DRA: start scheduler after creating binding/non-binding slicesin Basicflow by tsj-30 · Pull Request #137253 · kubernetes/kubernetes

tsj-30 · 2026-02-26T06:13:28Z

/kind flake
/kind failing-test
Fixed #133435

What this PR does / why we need it:
This PR stabilizes TestDRA/all/DeviceBindingConditions/BasicFlow in binding_conditions_test.go.

The test expects the first claim to allocate without-binding, but in CI the first allocation occasionally came back as with-binding, causing a mismatch like:

actual first allocation: worker-0-with-binding / with-binding
expected first allocation: worker-0-without-binding / without-binding

Expected
        		    <v1.DeviceAllocationResult>: 
        		        results:
        		        - bindingConditions:
        		          - attached
        		          bindingFailureConditions:
        		          - failed
        		          device: with-binding
        		          driver: testdra-all-devicebindingconditions-basicflow-28t9x.driver
        		          pool: worker-0-with-binding
        		          request: req-1
        		to equal
        		    <v1.DeviceAllocationResult>: 
        		        results:
        		        - device: without-binding
        		          driver: testdra-all-devicebindingconditions-basicflow-28t9x.driver
        		          pool: worker-0-without-binding
        		          request: req-1

To make the test deterministic, the ResourceSlice without binding conditions is created before the slice with binding conditions, so the initial allocation path consistently matches test expectations.
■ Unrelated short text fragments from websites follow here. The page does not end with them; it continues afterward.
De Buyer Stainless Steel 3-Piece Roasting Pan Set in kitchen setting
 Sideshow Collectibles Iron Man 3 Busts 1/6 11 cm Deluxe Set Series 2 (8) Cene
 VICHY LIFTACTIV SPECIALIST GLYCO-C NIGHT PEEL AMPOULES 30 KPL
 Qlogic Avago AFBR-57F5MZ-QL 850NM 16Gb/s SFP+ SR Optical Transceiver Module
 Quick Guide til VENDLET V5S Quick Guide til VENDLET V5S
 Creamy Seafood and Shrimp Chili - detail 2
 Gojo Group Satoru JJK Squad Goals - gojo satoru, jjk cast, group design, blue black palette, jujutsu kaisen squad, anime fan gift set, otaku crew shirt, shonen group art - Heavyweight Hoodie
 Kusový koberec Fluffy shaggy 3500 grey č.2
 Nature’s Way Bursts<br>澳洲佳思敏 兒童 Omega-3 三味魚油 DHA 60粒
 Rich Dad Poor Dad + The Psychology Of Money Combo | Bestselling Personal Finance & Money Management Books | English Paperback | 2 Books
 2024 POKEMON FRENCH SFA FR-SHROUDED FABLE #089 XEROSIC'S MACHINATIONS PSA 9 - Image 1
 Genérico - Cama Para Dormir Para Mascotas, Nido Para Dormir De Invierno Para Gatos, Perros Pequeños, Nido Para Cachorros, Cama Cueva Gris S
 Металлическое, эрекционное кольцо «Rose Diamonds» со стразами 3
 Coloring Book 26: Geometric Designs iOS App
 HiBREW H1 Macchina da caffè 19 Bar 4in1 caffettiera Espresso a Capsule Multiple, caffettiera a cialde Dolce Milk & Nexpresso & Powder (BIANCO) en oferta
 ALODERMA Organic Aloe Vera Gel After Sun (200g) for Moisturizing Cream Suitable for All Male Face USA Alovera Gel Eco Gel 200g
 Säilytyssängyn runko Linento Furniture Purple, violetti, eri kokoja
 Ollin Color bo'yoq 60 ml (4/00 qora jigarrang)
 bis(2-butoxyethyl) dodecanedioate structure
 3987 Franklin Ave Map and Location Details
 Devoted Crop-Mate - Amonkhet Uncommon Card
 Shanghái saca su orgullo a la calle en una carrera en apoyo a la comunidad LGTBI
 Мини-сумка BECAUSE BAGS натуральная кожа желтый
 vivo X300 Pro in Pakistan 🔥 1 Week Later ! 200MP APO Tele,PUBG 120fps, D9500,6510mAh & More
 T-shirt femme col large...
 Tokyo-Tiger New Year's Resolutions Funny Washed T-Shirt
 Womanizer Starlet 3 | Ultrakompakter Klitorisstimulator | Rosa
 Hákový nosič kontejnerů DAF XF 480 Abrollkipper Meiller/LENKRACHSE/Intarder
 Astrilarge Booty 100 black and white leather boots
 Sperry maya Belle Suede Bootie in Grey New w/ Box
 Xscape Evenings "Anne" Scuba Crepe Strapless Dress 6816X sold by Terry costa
Which issue(s) this PR is related to:
N/A

NONE

…binding slice first

k8s-ci-robot · 2026-02-26T06:13:36Z

This issue is currently awaiting triage.

If a SIG or subproject determines this is a relevant issue, they will accept it by applying the triage/accepted label and provide further guidance.

The triage/accepted label can be added by org members by writing /triage accepted in a comment.

Details

Instructions for interacting with me using PR comments are available here. If you have questions or suggestions related to my behavior, please file an issue against the kubernetes-sigs/prow repository.

pohly · 2026-02-26T07:29:54Z

 	class, driverName := createTestClass(tCtx, namespace)
 	startScheduler(tCtx)

+	// Create slice without binding conditions first so it gets allocated first


The order of slice creation doesn't guarantee that, does it?

I don't think this fixes whatever the underlying race is.

What I expect to see in a PR which claims to fix a flake:

A comparison between a "good" run and a "bad" run which explains why the bad one failed.

An explanation why the proposed change prevents the "bad" scenario reliably.

I initially thought order alone was the issue, so I moved the without-binding slice creation earlier.
After debugging further, I now think the real fix is to start the scheduler only after creating both slices, so it consistently picks the expected device first.

tsj-30 · 2026-02-27T04:20:40Z

CC: @ttsuuubasa

tsj-30 · 2026-02-27T04:31:27Z

/test pull-kubernetes-integration

ttsuuubasa · 2026-02-27T08:18:58Z

Does simply moving the startScheduler() to the current location actually guarantee that both ResourceSlices have been created?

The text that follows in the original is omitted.